Most wardrobe damage does not happen from wear. It happens in the wash.
If your household runs laundry loads that mix dress shirts, athletic wear, kids’ school clothes, and everyday linens, often all in the same week. You already know how quickly things can go wrong. A faded collar, a shrunken knit, a dress shirt that never quite recovers its shape. We see this kind of damage at Avon Cleaners on Hillcrest Avenue regularly, and in most cases, it traces back to handling decisions that are easy to get right with the right knowledge.
Most laundry damage is preventable. Here is what proper sorting, wash temperatures, fabric-specific handling, and drying actually look like, and how our professional service to wash and fold laundry in Highland Park, TX, approaches each step.

Why Sorting Is the Foundation of Fabric Protection
Sorting is the single most important step before any load goes into the machine.
In our experience, most fabric damage traces back to one skipped step: sorting. When you wash whites and darks together, dye transfers onto lighter pieces. When fine knits share a drum with heavy cotton towels, the friction wears down delicate fibers. When lightly worn items wash alongside heavily soiled ones, loosened grime redeposits onto the cleaner clothes.
We sort every load by color and fabric type before it touches water. Good sorting practice also accounts for how soiled each item is – lighter-worn pieces and heavily soiled ones wash better separately.

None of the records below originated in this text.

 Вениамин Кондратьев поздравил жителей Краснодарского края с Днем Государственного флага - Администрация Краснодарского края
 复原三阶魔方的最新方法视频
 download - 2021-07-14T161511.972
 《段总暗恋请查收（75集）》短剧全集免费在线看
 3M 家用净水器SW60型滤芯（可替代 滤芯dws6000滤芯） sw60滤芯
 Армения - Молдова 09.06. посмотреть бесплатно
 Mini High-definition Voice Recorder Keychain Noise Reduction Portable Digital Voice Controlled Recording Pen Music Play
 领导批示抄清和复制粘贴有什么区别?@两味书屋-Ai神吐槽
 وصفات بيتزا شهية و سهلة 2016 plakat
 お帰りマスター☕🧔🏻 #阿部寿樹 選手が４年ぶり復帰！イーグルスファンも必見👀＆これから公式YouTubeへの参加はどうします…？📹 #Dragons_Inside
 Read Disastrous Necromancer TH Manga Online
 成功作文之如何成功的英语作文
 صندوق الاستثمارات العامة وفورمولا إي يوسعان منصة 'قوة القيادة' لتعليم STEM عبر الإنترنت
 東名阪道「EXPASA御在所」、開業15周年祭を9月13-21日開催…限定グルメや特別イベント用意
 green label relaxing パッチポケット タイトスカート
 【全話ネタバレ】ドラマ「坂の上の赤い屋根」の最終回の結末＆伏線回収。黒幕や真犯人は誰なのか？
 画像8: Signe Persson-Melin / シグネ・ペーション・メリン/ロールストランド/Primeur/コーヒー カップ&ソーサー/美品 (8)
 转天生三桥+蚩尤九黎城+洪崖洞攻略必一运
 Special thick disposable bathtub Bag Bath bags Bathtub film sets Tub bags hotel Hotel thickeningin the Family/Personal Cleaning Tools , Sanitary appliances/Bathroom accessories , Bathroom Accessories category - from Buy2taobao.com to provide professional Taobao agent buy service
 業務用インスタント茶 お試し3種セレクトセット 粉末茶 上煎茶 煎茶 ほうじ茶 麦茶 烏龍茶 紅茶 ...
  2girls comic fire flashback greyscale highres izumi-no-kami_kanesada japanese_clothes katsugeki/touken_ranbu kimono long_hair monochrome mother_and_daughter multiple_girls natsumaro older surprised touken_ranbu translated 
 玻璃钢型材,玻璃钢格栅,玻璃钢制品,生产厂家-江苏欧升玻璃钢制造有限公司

Here is why each category matters:
| Sorting Category | Items Grouped Together | What It Prevents |
| By Color | Whites, lights, darks | Dye transfer and color fade |
| By Fabric Type | Cotton, synthetics, delicates | Cycle and temperature mismatches |
| By Soil Level | Lightly worn vs. heavily soiled | Dirt redepositing onto cleaner items |
If your weekly laundry includes dress shirts, country club attire, workout clothes, and everyday casualwear, most of those loads belong in separate cycles. When you combine them for convenience, each garment gets settings that are wrong for at least part of what is in that load.
Water Temperature and Wash Cycles: What the Labels Actually Mean
Each temperature setting is designed to protect a specific category of fabric.
- Hot water is appropriate for heavily soiled cottons, white towels, and bedsheets.
- Cold water is right for darks, synthetics, and fabrics prone to color bleed or shrinkage.
- Warm water works for general mixed cotton loads that are neither heavily soiled nor delicate.
Cycle selection matters just as much as temperature. The American Cleaning Institute (ACI) advises using a delicate or low-heat cycle for lightweight and heat-sensitive fabrics, while a standard cycle suits everyday cottons and linens. Heavy-duty cycles belong only on thick workwear and household linens.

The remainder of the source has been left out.